After an incubation period of 24 hours, all the extracts of the three types of tea showed inhibitory effect on the growth of S. mutans [Table 3]. The zones of inhibition with the various extracts of three types of tea were compared in the following order: (a) methanol extracts, (b) ethanol extracts, (c) aqueous extracts, (d) aqueous extracts vs organic extracts and (e) chlorhexidine vs organic and aqueous extracts.{Table 3}

Amongst the methanol extracts both oolong tea and green tea showed significantly greater inhibition zones than black tea extract. Ethanol extract of oolong tea showed greater inhibition than extract of green and black tea; the difference was moderately significant. Aqueous extracts (i.e., 50% and 100%) of both oolong and green tea showed significantly greater zones of inhibition when compared to that of black tea [Table 3].

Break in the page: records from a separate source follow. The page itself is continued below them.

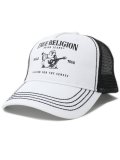 【送料無料】TRUE RELIGION BUDDHA TRUCKER HAT WHITE/BLACK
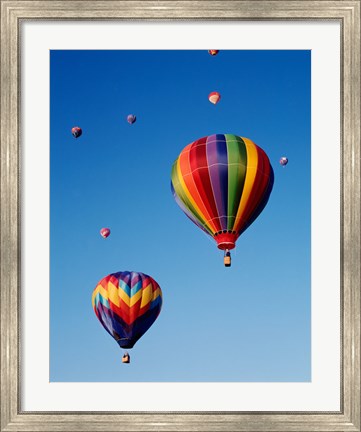Framed Hot Air Balloons Going Up, Up and Away Print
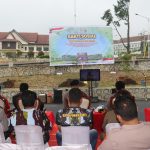 Polres Tapsel saat menggelar aksi tanam Pohon
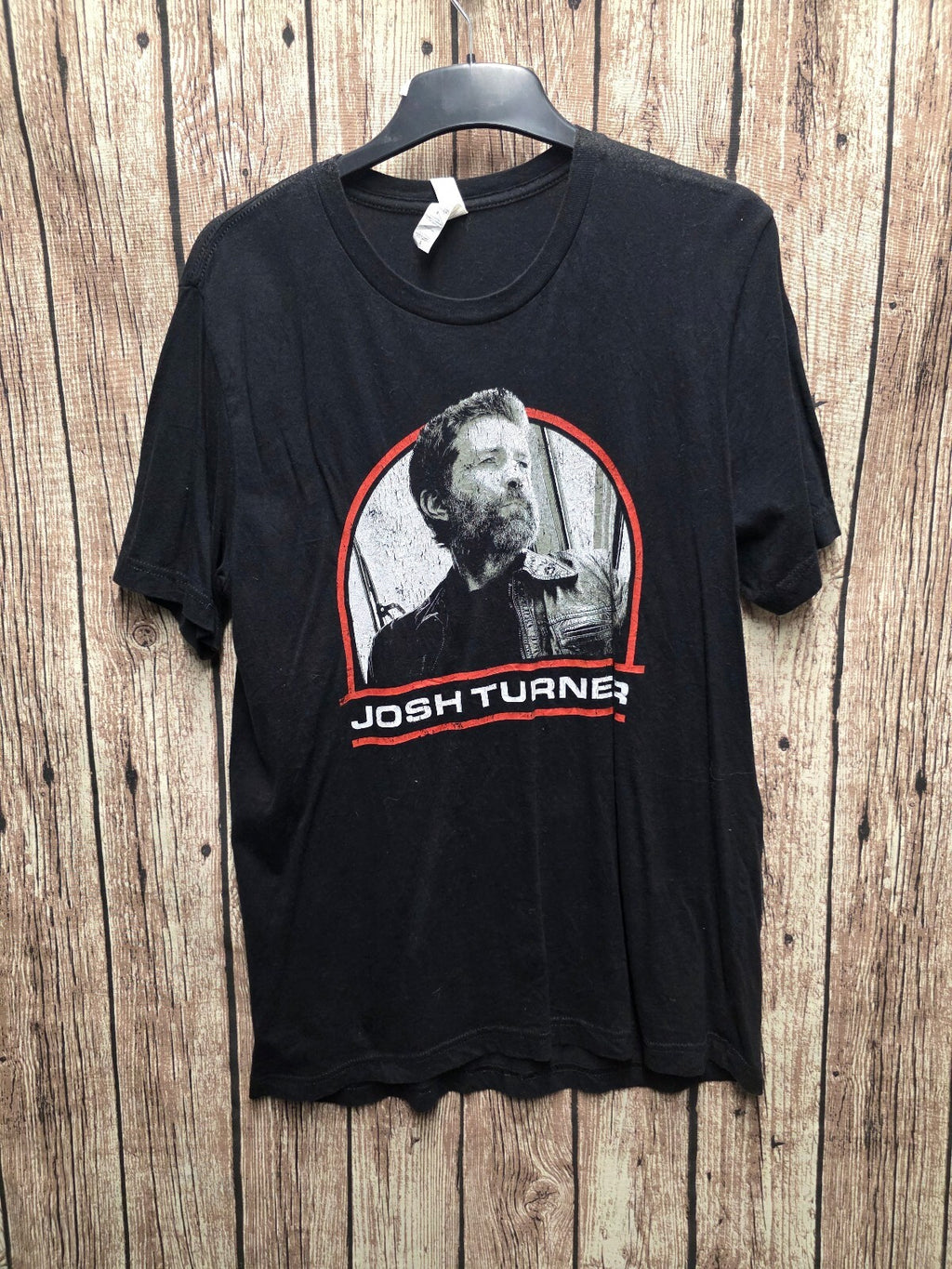 Josh Turner Tour T Shirt Black L BSCL82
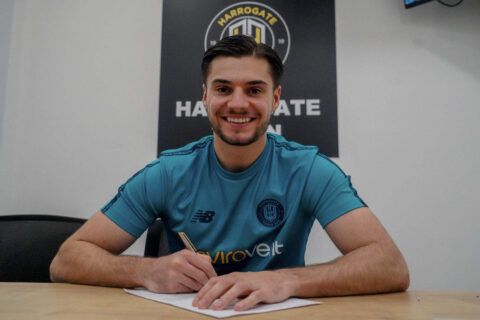Harrogate Town AFC are delighted to confirm the signing of Grant Horton on a permanent contract until the end of the season, with the option of an extra year.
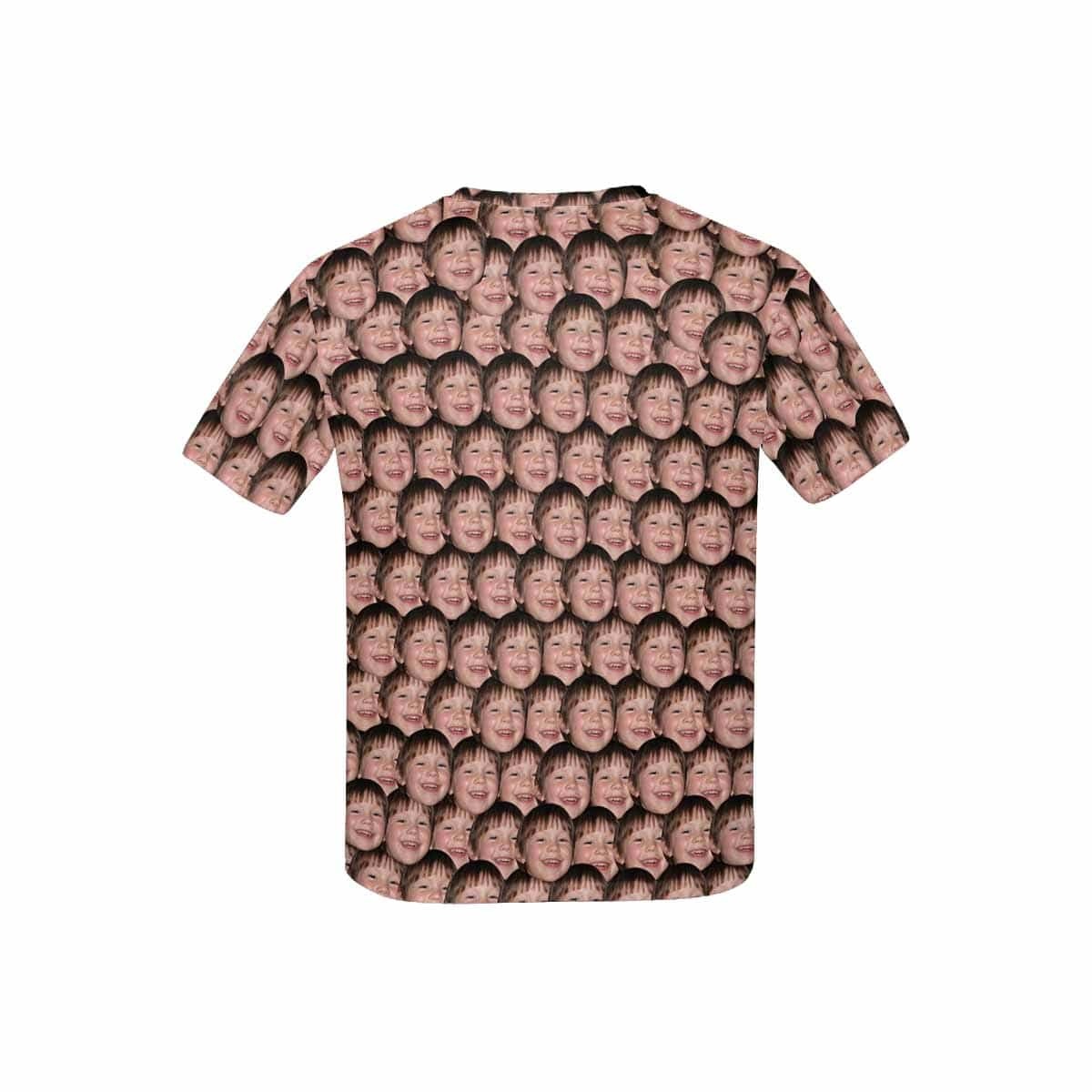 Custom #6-15Y Custom Face Simple Kid's T-shirt - YesCustom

In comparison to methanol extracts, both aqueous extracts of green tea showed significant inhibition of S. mutans growth. Aqueous extracts (50% and 100%) of oolong tea and green tea showed significantly greater zones of inhibition than their respective ethanol extracts. There was no significant difference between the organic and aqueous extracts of black tea [Table 4] and [Table 5].{Table 4}{Table 5}

The methanol extract and aqueous extract (100%) of oolong tea showed significantly greater inhibition of S. mutans than chlorhexidine (0.2%) [Table 6] and [Table 7].{Table 6}{Table 7}


The chemical composition of tea is complex; tea contains polyphenols, alkaloids (caffeine, theophylline, and theobromine), amino acids, carbohydrates, proteins, chlorophyll, volatile compounds, minerals, trace elements, and other unidentified compounds. [13] Among these, polyphenols constitute the most interesting group and are the main bioactive molecules in tea [14] and, in consequence, tea can be considered an important dietary source of polyphenols, particularly flavonoids. Flavonoids are phenol derivatives synthesized in substantial amounts (0.5%-1.5%) and variety (more than 4000 identified) and are widely distributed among plants. [15] The main flavonoids present in tea are the polyphenolic catechins (flavon-3-ols), namely epigallocatechin-3-gallate (EGCG), epigallocatechin (EGC), epicatechin-3-gallate (ECG), and epicatechin (EC). The tea catechins, in particular, are major constituents of fresh tea leaves. [16] These constituents are oxidized during fermentation to yield a complex mixture of secondary polyphenols, including theaflavins, theasinensins, and oolongtheanins (derived from epigallocatechins and/or epigallocatechin gallate via theasinensins by enzymatic oxidation). [17] However, most of the secondary polyphenols in black tea have not yet been chemically characterized because of their complexity and the difficulties associated with their separation and purification. Oolong tea also contains considerable amounts of catechins and oligomerized catechins. [18]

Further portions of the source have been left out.